My Ordination Bible is a beautifully bound King James Version which remains always to hand, and is read for the soft draping comfort of holding such a lovely volume, and for the glory of the language and as a reminder of what my life, finally and gladly is about. There's something all but sacramental in the recurring act of holding that one Bible, handed to you at the time you make promises which will thereafter guide, undergird and sustain your life of faith.
I went back to my Bible today after reading the last pages of F W Dillisone's old fashioned volume, The Christian Understanding of the Atonement. Old fashioned in this case is a positive term, an affirming and approving response to a book that is relaxedly learned, displaying elegant architectonics, broad in sympathy, precise in analysis and eschewing controversy and partisan posturing. Published 45 years ago it remains one of the finest treatments of the atonement for theologians; polemicists and partisan apologists for this or that theory of the atonement will be definition be impatient with it - and be the poorer for their quick all too narrow judgements. This is a book in which scholarship is in the service of faith, and the exposition of the living core of Christian faith is reverent, searching and sufficiently open to allow for mystery and intellectual humility that feels no discomfort in not knowing, and opting for wonder rather than cognitive closure.

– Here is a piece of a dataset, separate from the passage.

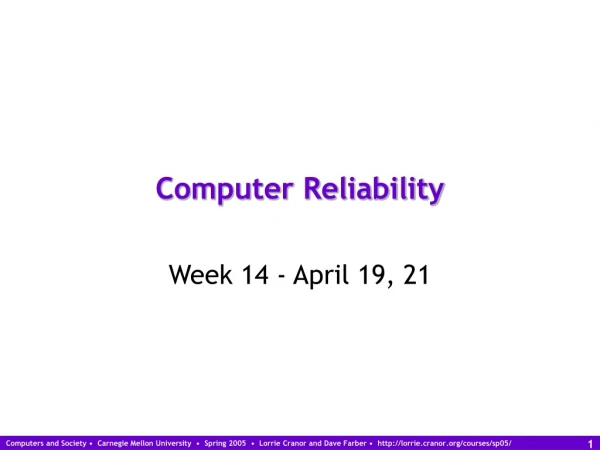 Computer Reliability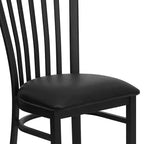 Silla de restaurante de metal con respaldo estilo escuela de Flash Furniture, color negro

On the last page Dillistone quotes Luke 1.78-79, as follows:
Through the tender mercy of our God; whereby the dayspring from on high hath visited us,
To give light to them that sit in darkness and in the shadow of death, to guide our feet into the way of peace.
The last words of the book are from Auden's Christmas Oratorio, the words of Simeon:
"Because of his visitation we may no longer desire God as if He were lacking: our redemption is no longer a question of pursuit but of surrender to Him who is always and everywhere present. Therefore at every moment we pray that following Him, we may depart from our anxiety into His peace." page 422.
The Giotto Deposition shows Jesus gazed upon from different perspectives and vantage points. And what each saw was cause for wonder, prayer, tears and thanksgiving. Worship always out-thinks and out-wonders controversy.